TORONTO, July 8 (Reuters) - Adolescents and young families are
being
hit hardest by the growing rate of homelessness in Canada,
according to ``The Progress of Nations'' annual report by the United Nations
Children's Fund (UNICEF), which was released on Wednesday.
Young people between the ages of 10 and 19 total 4.5 million and
comprise 13.5 percent of Canada's population.
The report estimated Canada has roughly 200,000 homeless people, with
between 5,000 and 12,000 in Toronto, the nation's largest city.
By comparison, the report estimated that there are some three million
homeless people in the 15 member countries of the European Union and
about 750,000 homeless in the United States.
There are no official statistics for the homeless in Canada.
``We have very little in terms of data in Canada about homelessness.
We need more data,'' Dawn Walker, executive director of the Canadian
Institute for Child Health told Reuters. ``Right now we're working on
anecdotal information.''
In Toronto, 6,500 people stayed in emergency shelters on a typical
night in late 1997 -- a jump of two thirds in a single year, the
UNICEF report.

``Canada's homeless used to be older men who often had alcohol and
drugs problems,'' said Walker. ``What's happening now is that that
trend is changing and we're getting more and more young people, more
people with young families.''
Welfare cuts by Canada's federal and provincial governments and the
end of rent control in major cities have made it increasingly tough
for the poor to get affordable housing and to qualify for programmes
that might keep them off the street.
``There was no way out,'' Diane Marlow, Minister for International
Cooperation and Minister Responsible for la Francophonie, said at a
UNICEF's press conference in Toronto. ``We had a huge deficit, and we
dealt with that.

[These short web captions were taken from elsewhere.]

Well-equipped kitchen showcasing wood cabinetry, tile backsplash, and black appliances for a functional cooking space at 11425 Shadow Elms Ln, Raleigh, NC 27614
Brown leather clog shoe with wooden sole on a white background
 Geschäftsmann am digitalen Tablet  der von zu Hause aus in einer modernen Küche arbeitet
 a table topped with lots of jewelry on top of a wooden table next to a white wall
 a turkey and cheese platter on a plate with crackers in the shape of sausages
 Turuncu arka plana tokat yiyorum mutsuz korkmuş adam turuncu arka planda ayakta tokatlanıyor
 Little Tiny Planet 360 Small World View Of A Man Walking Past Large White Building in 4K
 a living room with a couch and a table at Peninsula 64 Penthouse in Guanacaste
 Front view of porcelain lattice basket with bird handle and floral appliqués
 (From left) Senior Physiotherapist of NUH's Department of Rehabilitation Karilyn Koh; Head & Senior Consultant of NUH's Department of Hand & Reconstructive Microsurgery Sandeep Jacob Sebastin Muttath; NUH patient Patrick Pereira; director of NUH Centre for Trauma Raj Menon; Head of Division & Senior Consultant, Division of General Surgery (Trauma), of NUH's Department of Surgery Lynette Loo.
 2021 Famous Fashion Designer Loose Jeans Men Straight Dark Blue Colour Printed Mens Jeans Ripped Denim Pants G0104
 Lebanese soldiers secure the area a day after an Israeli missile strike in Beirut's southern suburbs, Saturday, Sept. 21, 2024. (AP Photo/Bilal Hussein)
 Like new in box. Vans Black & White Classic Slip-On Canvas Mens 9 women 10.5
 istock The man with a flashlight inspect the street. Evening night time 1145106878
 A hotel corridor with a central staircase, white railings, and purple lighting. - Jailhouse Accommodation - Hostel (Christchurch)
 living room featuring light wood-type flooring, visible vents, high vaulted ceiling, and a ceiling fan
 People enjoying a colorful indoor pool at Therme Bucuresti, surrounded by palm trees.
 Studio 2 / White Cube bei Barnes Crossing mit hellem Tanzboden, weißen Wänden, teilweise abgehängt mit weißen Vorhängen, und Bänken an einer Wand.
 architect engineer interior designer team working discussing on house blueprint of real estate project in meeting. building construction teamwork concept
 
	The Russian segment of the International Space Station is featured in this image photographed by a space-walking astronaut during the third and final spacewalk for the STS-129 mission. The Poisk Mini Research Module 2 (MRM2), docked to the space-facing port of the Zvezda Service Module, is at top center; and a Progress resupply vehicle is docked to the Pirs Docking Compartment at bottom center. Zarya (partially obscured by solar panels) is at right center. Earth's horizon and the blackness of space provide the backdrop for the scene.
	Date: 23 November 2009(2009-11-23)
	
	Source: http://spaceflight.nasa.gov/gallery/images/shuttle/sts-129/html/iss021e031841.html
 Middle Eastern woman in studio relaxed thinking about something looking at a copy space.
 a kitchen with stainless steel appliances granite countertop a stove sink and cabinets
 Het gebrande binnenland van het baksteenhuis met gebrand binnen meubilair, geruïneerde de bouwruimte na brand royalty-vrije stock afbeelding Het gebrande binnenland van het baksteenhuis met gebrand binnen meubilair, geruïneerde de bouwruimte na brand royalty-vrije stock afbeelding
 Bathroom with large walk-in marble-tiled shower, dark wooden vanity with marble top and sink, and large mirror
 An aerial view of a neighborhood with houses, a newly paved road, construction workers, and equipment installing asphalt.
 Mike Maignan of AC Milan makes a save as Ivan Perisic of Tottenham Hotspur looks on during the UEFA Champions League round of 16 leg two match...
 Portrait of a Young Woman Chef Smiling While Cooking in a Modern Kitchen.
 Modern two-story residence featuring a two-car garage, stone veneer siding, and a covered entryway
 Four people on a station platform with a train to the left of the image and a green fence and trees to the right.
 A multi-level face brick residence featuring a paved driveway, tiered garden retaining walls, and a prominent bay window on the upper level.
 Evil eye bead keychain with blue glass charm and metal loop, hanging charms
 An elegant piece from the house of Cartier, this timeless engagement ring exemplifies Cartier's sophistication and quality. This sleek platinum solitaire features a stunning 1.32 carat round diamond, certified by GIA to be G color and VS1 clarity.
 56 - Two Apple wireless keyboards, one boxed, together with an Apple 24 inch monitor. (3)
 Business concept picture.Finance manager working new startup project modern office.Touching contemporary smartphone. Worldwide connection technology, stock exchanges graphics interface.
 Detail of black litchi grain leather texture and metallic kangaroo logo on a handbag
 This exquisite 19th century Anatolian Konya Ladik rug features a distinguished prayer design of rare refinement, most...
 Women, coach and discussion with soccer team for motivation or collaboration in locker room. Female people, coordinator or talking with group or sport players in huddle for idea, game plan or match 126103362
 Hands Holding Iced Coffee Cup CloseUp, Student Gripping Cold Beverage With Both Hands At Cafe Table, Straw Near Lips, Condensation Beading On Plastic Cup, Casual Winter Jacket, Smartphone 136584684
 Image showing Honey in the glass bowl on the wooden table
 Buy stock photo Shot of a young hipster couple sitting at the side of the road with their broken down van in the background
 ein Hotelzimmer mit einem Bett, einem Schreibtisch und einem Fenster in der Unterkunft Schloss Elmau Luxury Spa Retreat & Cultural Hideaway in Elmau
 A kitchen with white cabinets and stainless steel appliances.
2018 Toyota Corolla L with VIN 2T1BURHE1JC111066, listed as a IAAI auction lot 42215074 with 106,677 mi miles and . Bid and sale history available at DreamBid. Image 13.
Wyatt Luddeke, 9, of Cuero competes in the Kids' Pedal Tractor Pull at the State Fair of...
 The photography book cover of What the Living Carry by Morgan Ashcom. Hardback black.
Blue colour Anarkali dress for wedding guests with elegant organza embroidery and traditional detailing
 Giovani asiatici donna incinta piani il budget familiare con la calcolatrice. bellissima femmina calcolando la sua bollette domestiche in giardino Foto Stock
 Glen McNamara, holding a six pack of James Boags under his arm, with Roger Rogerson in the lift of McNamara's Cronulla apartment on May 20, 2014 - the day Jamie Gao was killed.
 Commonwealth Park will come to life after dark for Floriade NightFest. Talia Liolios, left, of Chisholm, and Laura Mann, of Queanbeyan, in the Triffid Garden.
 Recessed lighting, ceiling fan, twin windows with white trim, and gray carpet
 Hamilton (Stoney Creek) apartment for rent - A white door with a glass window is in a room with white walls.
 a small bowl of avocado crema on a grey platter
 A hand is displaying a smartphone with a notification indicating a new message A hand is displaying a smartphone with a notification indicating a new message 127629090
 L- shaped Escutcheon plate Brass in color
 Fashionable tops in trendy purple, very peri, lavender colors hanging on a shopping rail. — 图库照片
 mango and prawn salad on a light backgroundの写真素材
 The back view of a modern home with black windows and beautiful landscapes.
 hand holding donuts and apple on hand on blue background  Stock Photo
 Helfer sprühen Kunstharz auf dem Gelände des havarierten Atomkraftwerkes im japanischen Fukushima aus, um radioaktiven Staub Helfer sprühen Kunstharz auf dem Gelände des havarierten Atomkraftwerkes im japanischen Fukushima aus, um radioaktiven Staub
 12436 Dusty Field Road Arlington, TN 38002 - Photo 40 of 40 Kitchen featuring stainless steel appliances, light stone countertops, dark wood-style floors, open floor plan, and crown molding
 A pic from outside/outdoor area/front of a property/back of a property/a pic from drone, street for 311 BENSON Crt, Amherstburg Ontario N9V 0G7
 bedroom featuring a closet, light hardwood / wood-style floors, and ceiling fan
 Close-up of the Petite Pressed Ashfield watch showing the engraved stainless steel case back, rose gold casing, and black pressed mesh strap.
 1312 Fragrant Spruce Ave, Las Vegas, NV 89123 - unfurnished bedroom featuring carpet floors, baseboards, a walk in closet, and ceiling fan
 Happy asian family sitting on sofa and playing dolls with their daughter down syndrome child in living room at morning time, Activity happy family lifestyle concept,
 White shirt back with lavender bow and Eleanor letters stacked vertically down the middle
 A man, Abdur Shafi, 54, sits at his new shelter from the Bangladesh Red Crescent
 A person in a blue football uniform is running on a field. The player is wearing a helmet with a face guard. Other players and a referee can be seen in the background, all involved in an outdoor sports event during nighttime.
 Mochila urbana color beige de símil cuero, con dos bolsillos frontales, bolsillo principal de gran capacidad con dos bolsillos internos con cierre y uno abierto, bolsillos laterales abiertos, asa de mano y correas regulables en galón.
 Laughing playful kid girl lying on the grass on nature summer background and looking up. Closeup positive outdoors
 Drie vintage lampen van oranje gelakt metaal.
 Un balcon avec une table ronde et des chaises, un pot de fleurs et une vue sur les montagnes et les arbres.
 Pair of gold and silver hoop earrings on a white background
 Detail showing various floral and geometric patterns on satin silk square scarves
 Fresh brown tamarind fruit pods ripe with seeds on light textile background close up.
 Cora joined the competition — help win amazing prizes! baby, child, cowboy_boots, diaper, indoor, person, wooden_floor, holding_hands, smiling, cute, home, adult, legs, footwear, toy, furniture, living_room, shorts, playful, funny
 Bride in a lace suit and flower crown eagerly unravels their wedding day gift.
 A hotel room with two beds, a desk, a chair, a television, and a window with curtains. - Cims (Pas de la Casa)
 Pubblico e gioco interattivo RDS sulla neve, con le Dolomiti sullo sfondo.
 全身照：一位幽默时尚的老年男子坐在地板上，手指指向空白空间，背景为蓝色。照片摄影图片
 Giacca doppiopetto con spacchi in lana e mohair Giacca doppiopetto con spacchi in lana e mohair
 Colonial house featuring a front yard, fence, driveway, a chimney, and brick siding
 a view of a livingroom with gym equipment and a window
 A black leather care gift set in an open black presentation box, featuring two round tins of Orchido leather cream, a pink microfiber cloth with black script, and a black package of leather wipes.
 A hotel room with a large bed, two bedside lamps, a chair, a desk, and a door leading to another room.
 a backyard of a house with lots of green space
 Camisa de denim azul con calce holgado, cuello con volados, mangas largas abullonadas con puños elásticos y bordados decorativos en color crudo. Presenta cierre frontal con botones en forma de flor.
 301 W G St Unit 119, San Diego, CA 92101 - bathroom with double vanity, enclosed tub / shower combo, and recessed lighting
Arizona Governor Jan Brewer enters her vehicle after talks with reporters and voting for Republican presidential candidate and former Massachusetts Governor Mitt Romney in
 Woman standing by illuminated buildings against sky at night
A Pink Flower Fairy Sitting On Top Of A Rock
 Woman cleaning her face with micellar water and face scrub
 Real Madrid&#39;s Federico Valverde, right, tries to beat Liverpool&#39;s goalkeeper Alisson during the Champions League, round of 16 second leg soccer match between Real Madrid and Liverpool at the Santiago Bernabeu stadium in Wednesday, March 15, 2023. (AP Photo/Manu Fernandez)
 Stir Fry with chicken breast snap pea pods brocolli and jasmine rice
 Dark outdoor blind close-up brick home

I think we have to keep working with what we have.''
Marleau also urged all levels of government to work toward eradicating
Canada's homeless problem.
Canada, the United States, Britain and Australia are identified in the
UNICEF report as countries engaged in what it called the
``demonization of caring government,'' because of declining public
investment in social housing and the waning involvement of local
authorities and nonprofit organizations in trying to solve the
homeless problem.
``We've always had people on the street but it used to be kids who did
it in the spring and summer months and it was an interim part of their
lives,'' observed Walker. ``What we're now seeing are young people who
are on the street for many many years. It's becoming much more their
way of life.''
According to the U.N. Convention on the Rights of the Child, every
child has the right to ``a standard of living adequate for the child's
physical, mental, spiritual, moral and social development.''

By definition, homelessness denies all these rights.